━━━ INPUT DATA

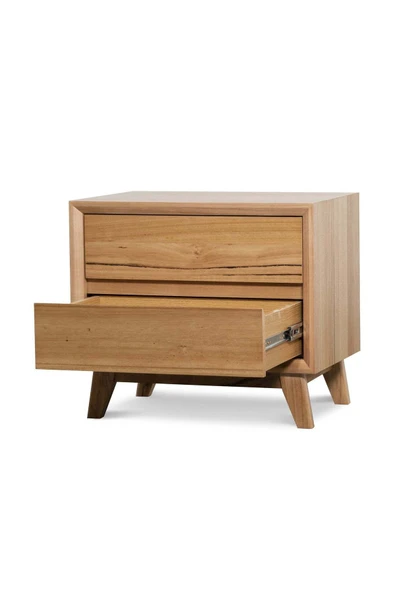 ReMa-design Ahşap Ponçi Komodin - Resim 5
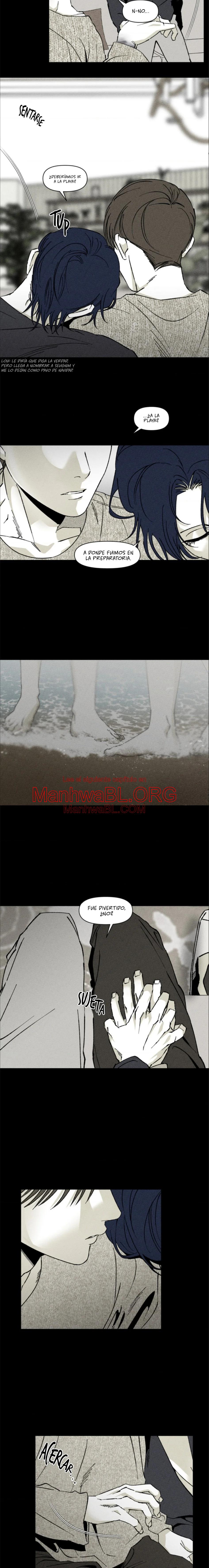 Hombre Inmutable - Capítulo 24 3 manhwa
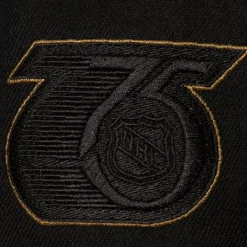 Headwear Mitchell & Ness -Tc Bottoms Snapback Vegas Golden Knights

━━━━━━

» THE PROBLEM
Here the requirement is to restate exactly the line holding "Hombre Inmutable - Capítulo 24 3 manhwa" and every later line through the end of the material, omitting pictures.

» RESPONSE TO THE TASK
 Hombre Inmutable - Capítulo 24 3 manhwa
 Headwear Mitchell & Ness -Tc Bottoms Snapback Vegas Golden Knights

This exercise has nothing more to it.